Only the areas of the plate having a brilliant finish wilt receive the deposit.
The plate is then washed with gasoline followed by water and brushed clean. The next
step is to etch the zinc areas in order to raise the drawn area which, after the
depositing, is covered with copper. The etching solution is made of 1000g of water,
200g of nitric acid, lOOg of sulphuric acid, 400 g of
copper sulphate, 400 g of
iron sulphate. The etching must be
carried out for some two minutes.
The resulting plate can be used for hand impressions of negative intaglio. Insofar as concerns typographical printing, it will be necessary to etch the zinc again after inking the relief areas. The plate must then be copper plated and steelfaced for printing.
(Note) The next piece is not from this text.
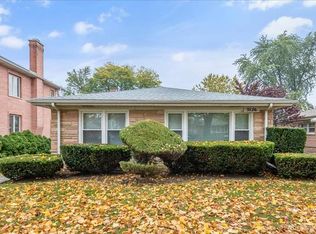 5126 Crain St, Skokie, IL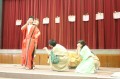 Thumbs/tn_IMG_7910.jpg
B. ELECTROLYSIS USED AS A MORDANT.
GALVANOGRAPHY (Jacquemin process). The first step is to draw with lithographic ink dissolved in albumin and water. When the drawing is finished the ink is heated to 100°C (212°F) which coagulates the albumin and makes the ink insoluble. The plate is then connected up to the positive pole in an electrolytic bath. The depositing takes place on the negative pole and removes metal from the plate. Due to this phenomenon the plate is "etched" in the areas that do not carry the drawing.
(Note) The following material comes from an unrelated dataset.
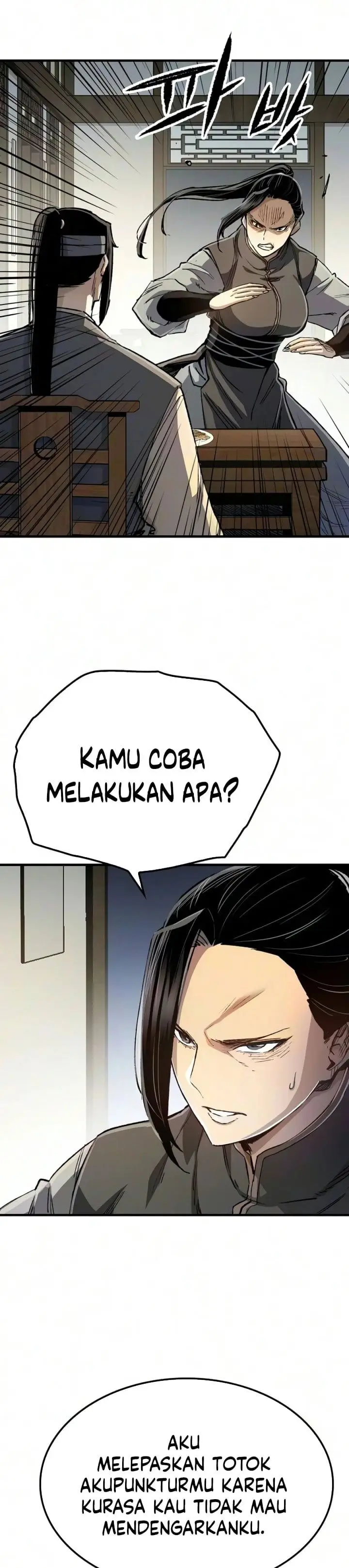 image-komik-reborn-as-the-heavenly-demon-chapter-128-12/44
ZINCOGRAPHY (Devincenzi process). The drawing in this process is done on a zinc plate that has been prepared as if for lithographic work, which means that the plate is scoured and drawn on with chemical ink. The drawing is then rubbed with a decoction of oak-gall followed up with gum arabic. The plate is then washed with water and the ink is removed with turpentine oil. After drying, the plate is dampened and then grounded (using a roller) with a mixture of asphaltum, litharged linseed oil, and turpentine to which one adds a bit of lavender oil. This ground catches only on the drawn areas of the plate. The plate must dry for twelve hours. When the drying is completed the plate must be covered with a weak solution of sulphuric acid in order to clean it. The next step is to plunge the plate into a dissolution of copper sulphate at 15°C (59°F). A copper plate of the same dimensions must be placed parallel to it 5mm (0.2in) away. During electrolysis the copper plate must be connected to the zinc plate with a little copper rod. The areas of the zinc plate that were not drawn on are etched both by the copper sulphate solution and by the electrolytic process underway. The zinc plate is removed every minute to remove the copper that is deposited. In four to eight minutes there will be sufficient relief for typographical printing.
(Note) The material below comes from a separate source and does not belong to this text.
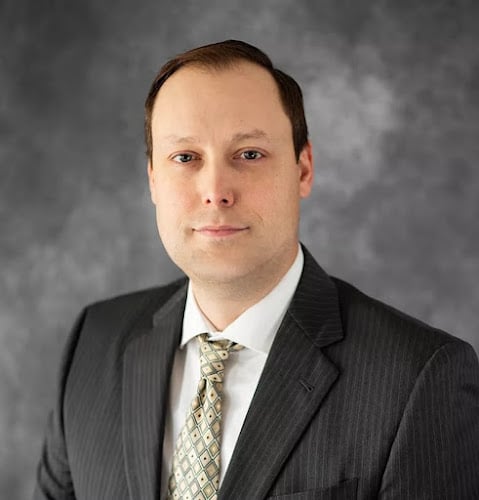 423940 the law office of ryan j. hoover llc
ELECTRO-ETCH (Omri Behr)is a new, patented, ecologically safe way of etching an image into a metal plate without using acid. The plate is covered with a resist and portions of the resist removed to create an image. The Electroetch processor consists of a tank filled with a conducting solution, a plate of the same metal as the image plate, and a source of low voltage DC electricity. The image plate is put in the tank, the positive pole of the power source connected to it and the negative pole to the other plate. When current is passed, the electricity etches the image by moving the exposed metal to the other plate. The etched image plate is removed from the tank, cleaned, inked and printed in the traditional way.electro-etch
Drawing, depositing (plating), and etching is always done after a thorough
scouring of the plate.
When resin is powdered onto the plate it must be done from a certain height in a draft-free room. The powder that is not meant to stay on the plate can be quite simply blown away. The reader may have noticed that there are two different processes which are called galvanography, one being a depositing process while the other is an "etching" process. The same problem arises in the case of the electroplating process called zincography which must not be confused with the lithographic process and the gillotype process which, at times, are also called zincography.